Lovemusic had heard of Laura in the past. She had also been supported by Diaphonique. There was already a connection in a sense which got to be strengthened through their artistic paths. This was a partnership with the Musica festival. 

The project is about grieving so the artistic direction involved being open and vulnerable and sharing personal stories of loss and grief. There is a lot of dark humour embedded, perhaps driving at making the audience uncomfortable or feel that discomfort, or instead relieve the tension. Take the audience in the grieving journey. 

The Sad Album is a journey into the darkest, most absurd, and tender corners of grief. Bringing together Laura Bowler and  lovemusic on stage, this performance invites the audience into a living room filled with personal stories — imbued with frustration, rage, and moments of complicity. 
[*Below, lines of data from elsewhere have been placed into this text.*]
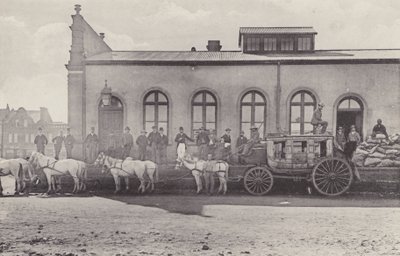 Historialliset näkymät, viimeinen valmentaja englantilaisella postilla ja vanha postitoimisto (m/v kuva) tekijältä South African Photographer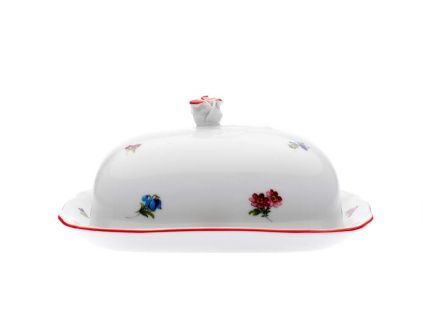 Máslenka, házenka s červeným proužkem, 250 g, Český porcelán Dubí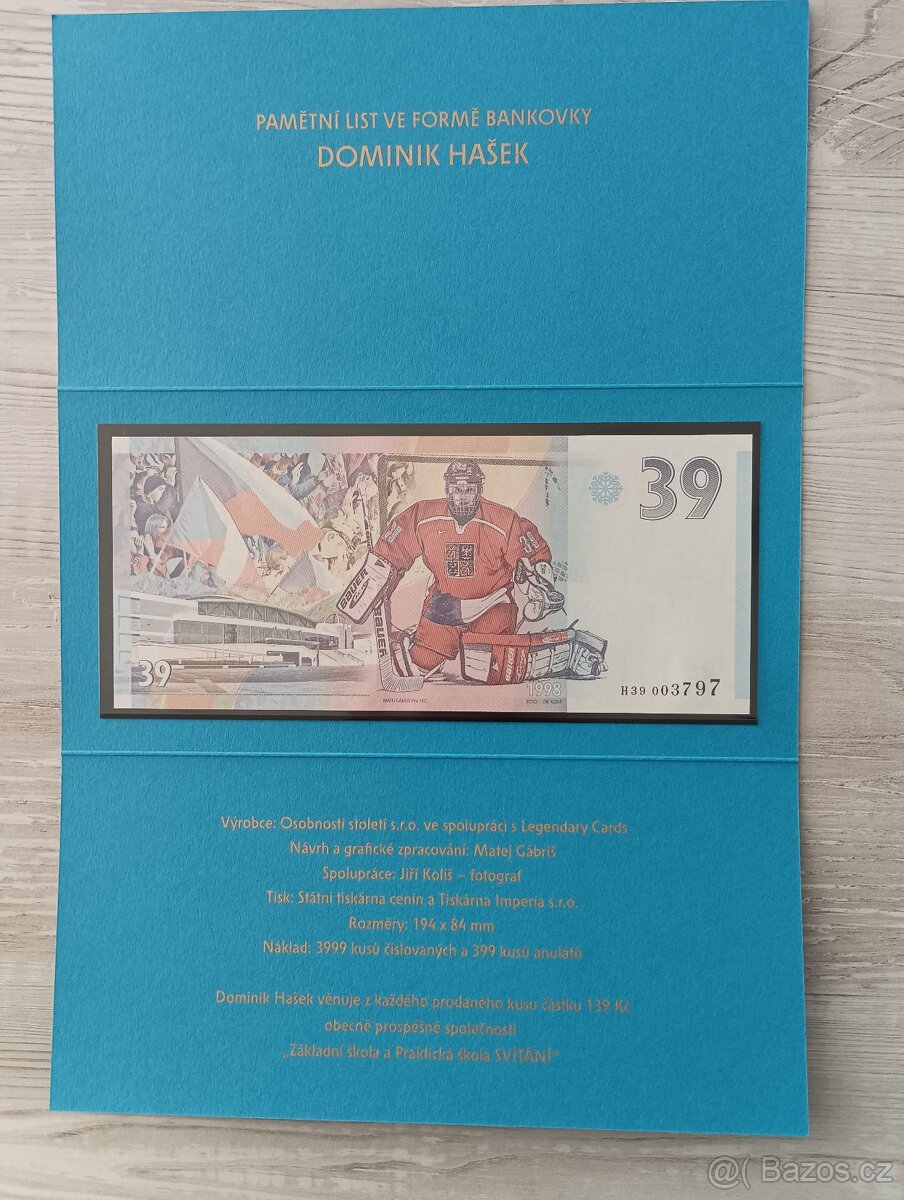 Pamětní bankovka Dominik Hašek 39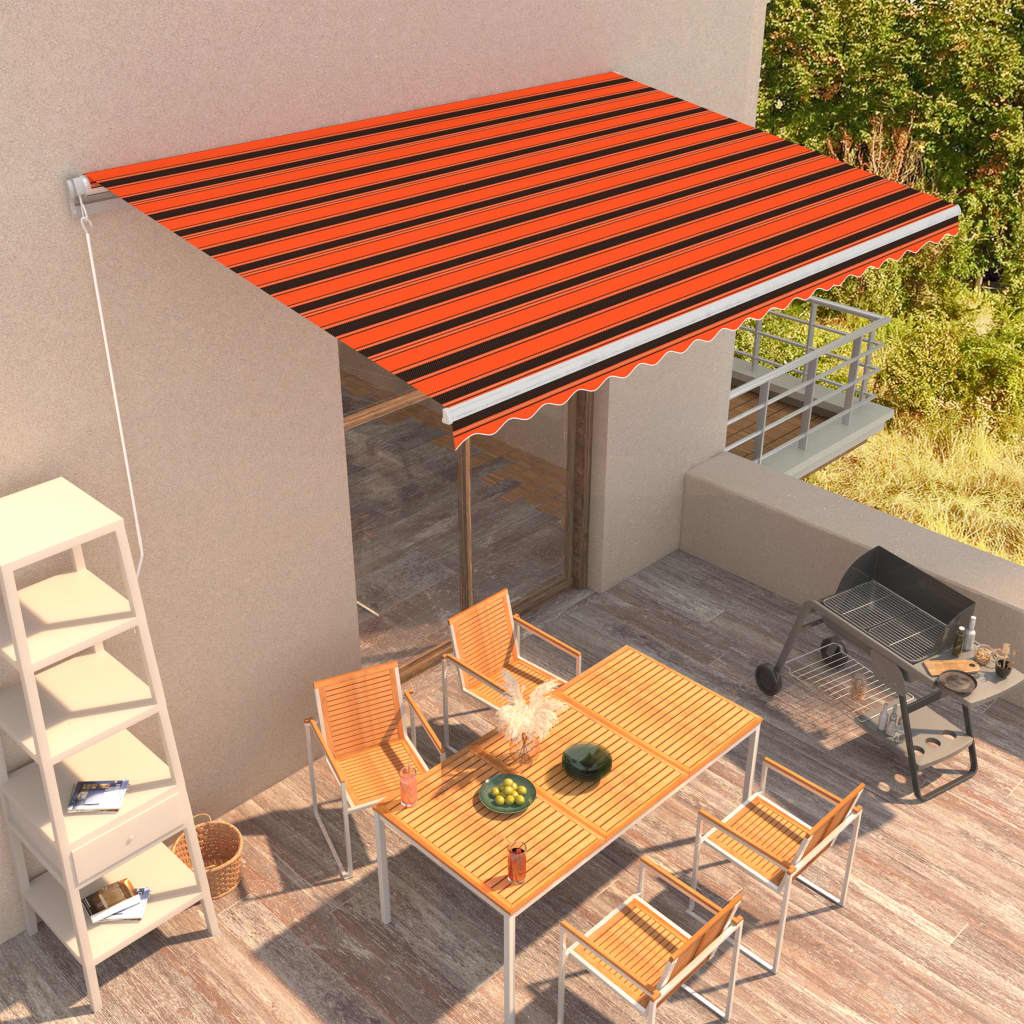 Toldo Manual Retráctil Naranja Y Marrón 450x300 Cm_1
The Diaphonique Journey continues! 

Lovemusic + WACK: 

Coming up in 2026, Diaphonique has helped fund yet another lovemusic project. This time, it is a collaboration with Neil Luck and Jennifer Walshe, the British WACK duo: An immersive one-hour performance combining archival material, staged interaction, and contemporary music.  

Commissioned from Neil Luck, the piece intertwines theatre, sound, and visuals in a hybrid and experimental collage. The project includes a new commission and promotes artistic experimentation with emerging artists.